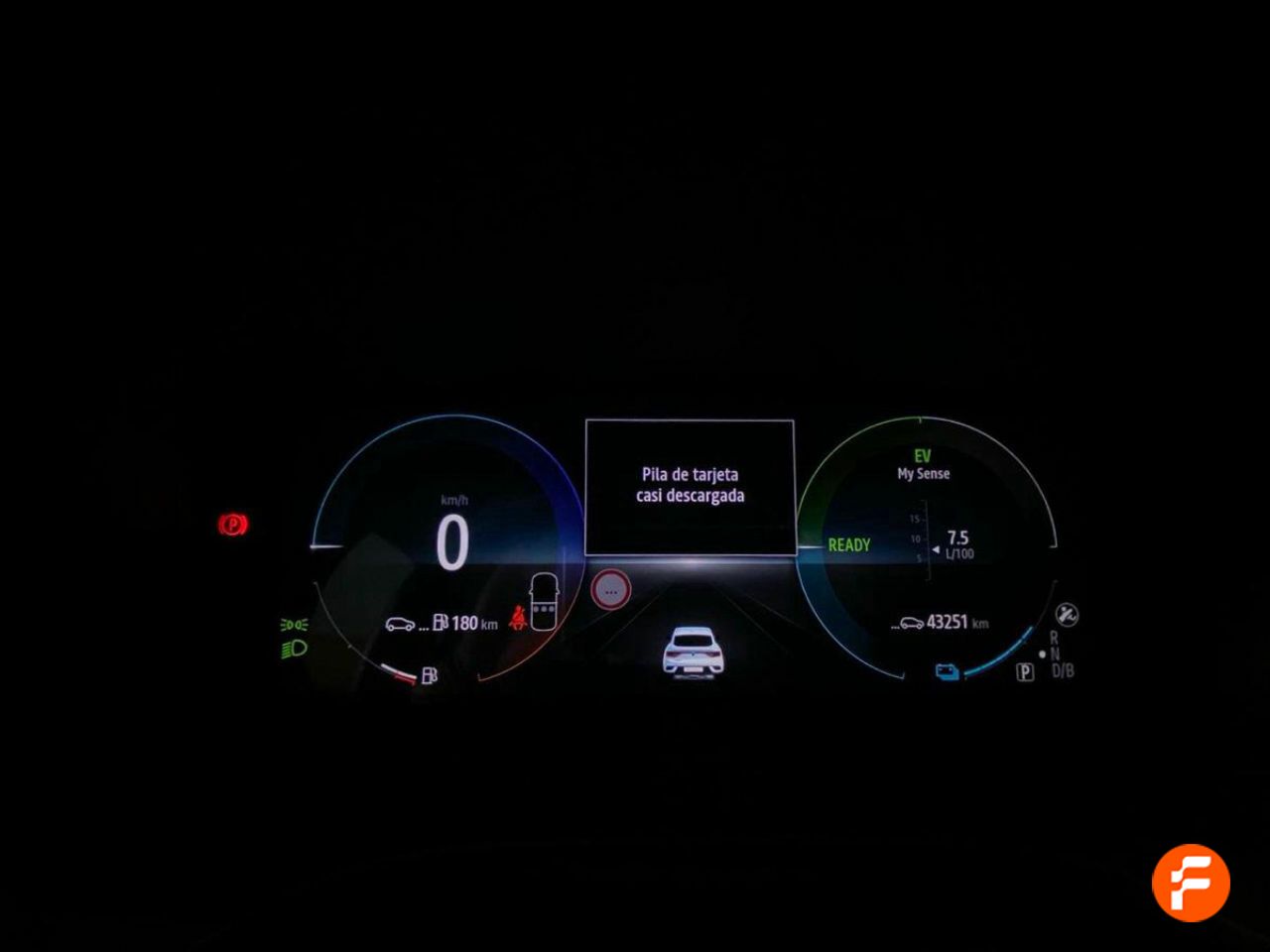 Foto Renault Arkana 11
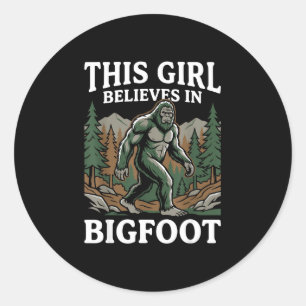 Bigfoot-Gläubiger Mädchen Sasquatch Wald Kryptid f Runder Aufkleber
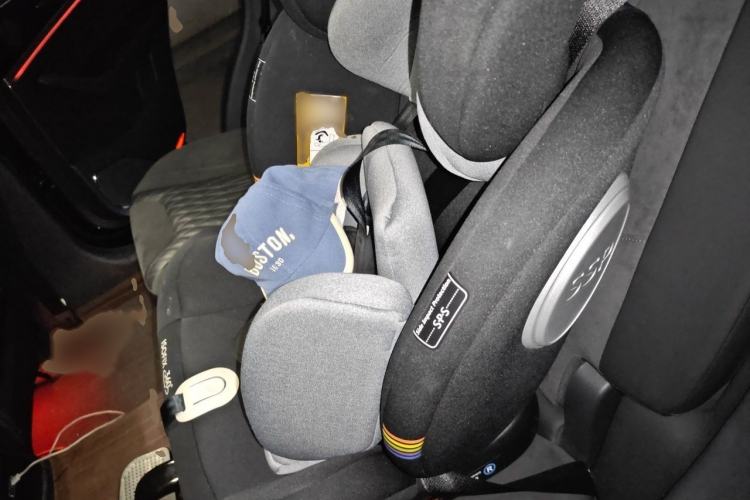 Used Hongqi HS5 2022 Revised Version 2.0T Smart Connect Flagship Edition Interior 4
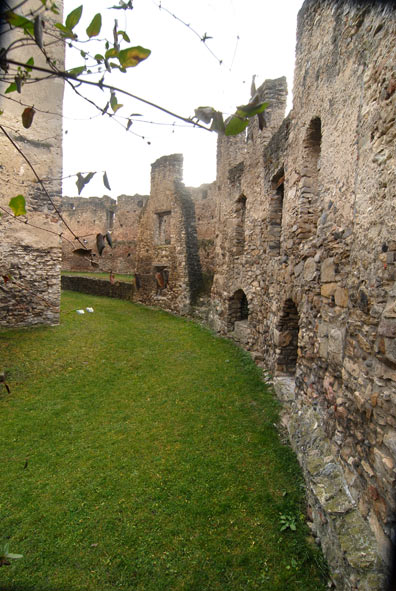 Außenmauer einer Kirchenburg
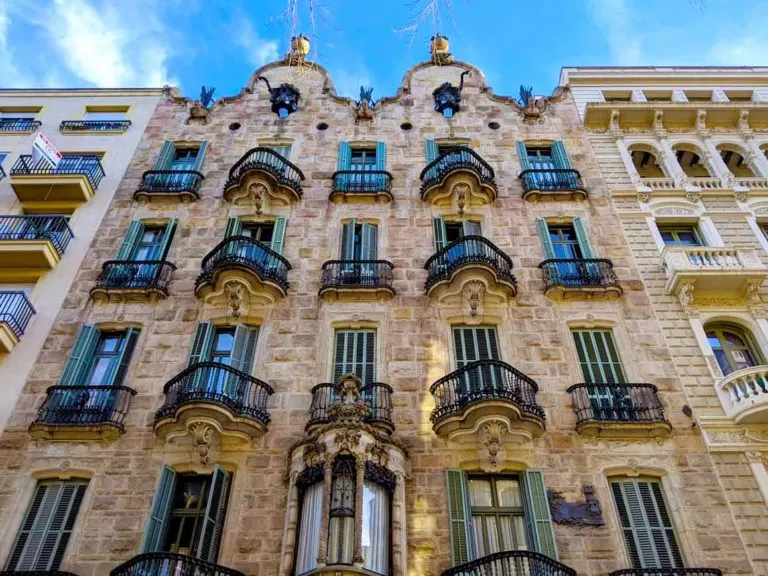 casa-calvet-gaudi's barcelona-spain-travel-guides
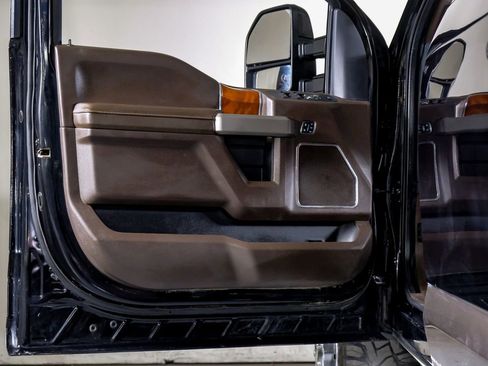 Used 2022 Ford F350 King Ranch image 33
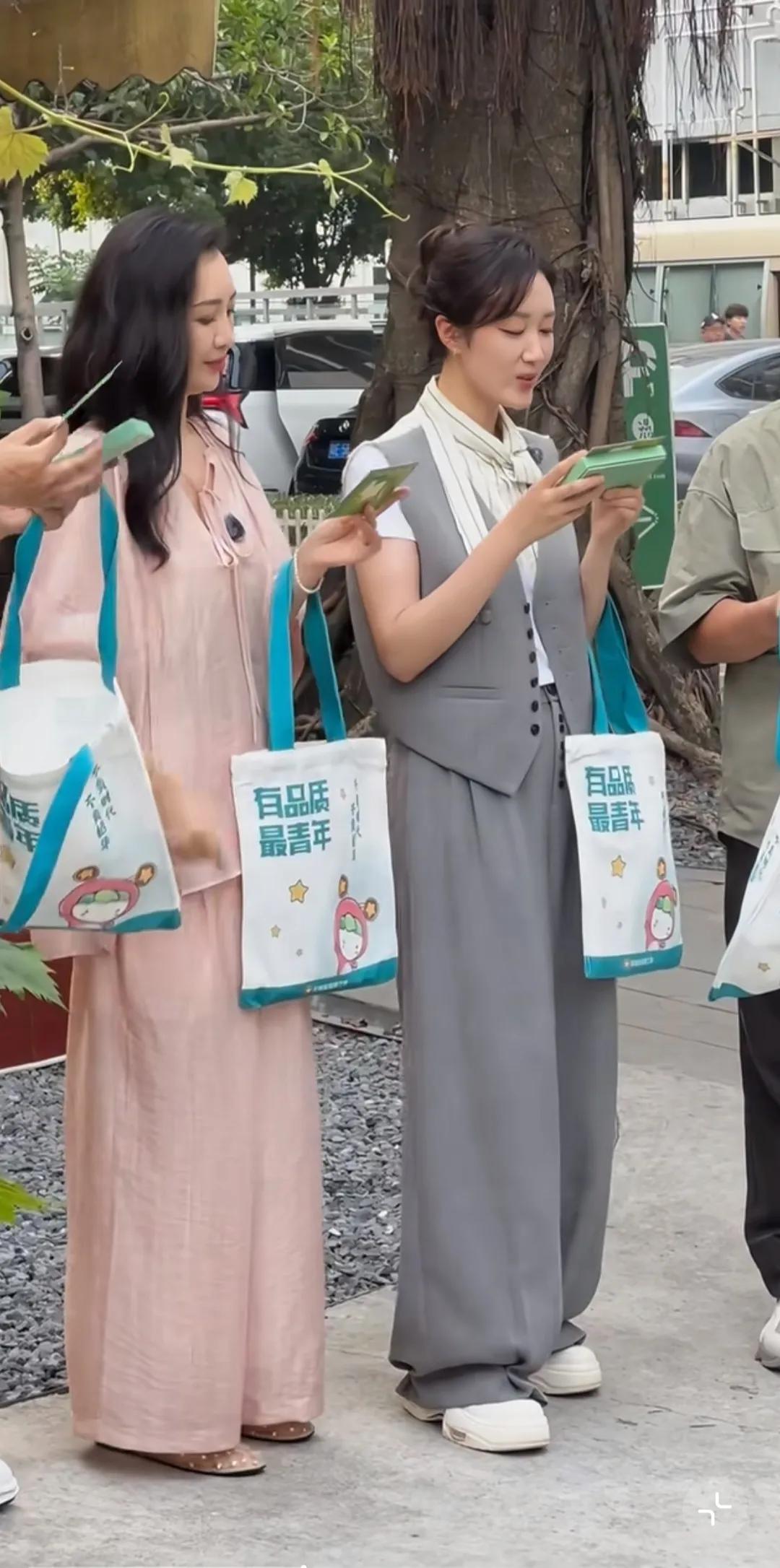 王鸥旁边这位女士好松弛，看起来很眼熟。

------------------------------------

Exercise
Line by line, transcribe the records exactly, omitting the images.

Completed exercise
 Foto Renault Arkana 11
 Bigfoot-Gläubiger Mädchen Sasquatch Wald Kryptid f Runder Aufkleber
 Used Hongqi HS5 2022 Revised Version 2.0T Smart Connect Flagship Edition Interior 4
 Außenmauer einer Kirchenburg
 casa-calvet-gaudi's barcelona-spain-travel-guides
 Used 2022 Ford F350 King Ranch image 33
 王鸥旁边这位女士好松弛，看起来很眼熟。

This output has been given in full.